Containers for CyberShake

2020-08-07T07:52:44Z

Llocsin: /* Setting up a serial container (on your computer) */

This page is to document the steps involved in enabling the CyberShake codebase to run in a container environment.

== Selection of Containers ==

The available HPC Containers at the time of selection were Singularity, Charlie Cloud, and Shifter. Between the 3 of these container technologies, Singularity was widely adapted and had more open source tools. Because of this wide adaptation the module already existed in the Frontera system. Singularity has built-in support for different MPI libraries from OpenMPI, MPICH, and IntelMPI to name a few. Shifter, although light weight, is highly reliant on MPICH ABI. This would require site-specific MPI libraries to be copied to the container at runtime.

== Installing Singularity ==
Recommended for people who want to run Singularity locally or create there own custom containers. Use of premade containers does not require installation.

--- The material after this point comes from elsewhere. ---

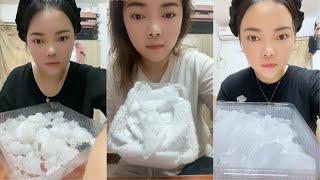 White Ice Eating ASMR  Crushed Ice  Ice Eating [upl. by Oalsinatse]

=====Install Dependencies=====
<pre>sudo apt-get update && sudo apt-get install -y \
build-essential \
uuid-dev \
libgpgme-dev \
squashfs-tools \
libseccomp-dev \
wget \
pkg-config \
git \
cryptsetup-bin</pre>

=====Download Go=====
<pre>export VERSION=1.13.5 OS=linux ARCH=amd64 && \
wget https://dl.google.com/go/go$VERSION.$OS-$ARCH.tar.gz && \
sudo tar -C /usr/local -xzvf go$VERSION.$OS-$ARCH.tar.gz && \
rm go$VERSION.$OS-$ARCH.tar.gz</pre>

=====Set Up Go=====
<pre>echo 'export GOPATH=${HOME}/go' >> ~/.bashrc && \
echo 'export PATH=/usr/local/go/bin:${PATH}:${GOPATH}/bin' >> ~/.bashrc && \
source ~/.bashrc</pre>

=====Install Singularity=====
<pre>export VERSION=3.5.2 && # adjust this as necessary \
wget https://github.com/sylabs/singularity/releases/download/v${VERSION}/singularity-${VERSION}.tar.gz && \
tar -xzf singularity-${VERSION}.tar.gz && \
cd singularity</pre>

=====Check if Singularity Works=====
<pre>git clone https://github.com/sylabs/singularity.git && \
cd singularity && \
git checkout v3.5.2</pre>

== Setting up a serial container (on your computer) ==
=======Get Image=======
singularity pull <source>*
<pre>$ singularity build myPythonContainer.sif library://default/ubuntu:latest</pre>
*<sources> include Singularity Container Library (library), Singularity Hub (shub) and Docker Hub (docker).

=======Execute Command in from Outside Container=======
singularity exec imageName command
<pre>$ singularity exec myPythonContainer.sif cat /etc/lsb-release</pre>

singularity exec image_name command
<pre>$ singularity exec myPythonContainer.sif python3 helloWorld.py</pre>

Find Size of Container:
<pre>$ singularity cache list</pre>

*Note: Singularity cannot run on the Login Node

== Basic Singularity Commands ==
'''Pull''' - pulls a container image from a remote source.
<pre>$ sudo singularity pull <remote source></pre>
<remote source>:

1. Singularity Container Services [https://cloud.sylabs.io/library]
<pre>$ sudo singularity pull --name CONTAINER_NAME.sif library://USER/PULL_PATH:VERSION</pre>
*Note: the path only needs to match the pull card. please see the remote website for example.
2. Singularity Hub [https://singularity-hub.org/]
<pre>$ sudo singularity pull --name CONTAINER_NAME.sif shub://USER/PULL_PATH:VERSION</pre>
*Note: the path only needs to match the pull card. please see the remote website for example.
3. Docker Hub [https://hub.docker.com/]
<pre>$ sudo singularity build CONTAINER_NAME.sif docker://USER/PULL_PATH:VERSION</pre>
*Note 1: docker images have layers and it needs to be merged into 1 singularity image. For that to happen you MUST use: build
*Note 2: the path only needs to match the pull card. please see the remote website for example.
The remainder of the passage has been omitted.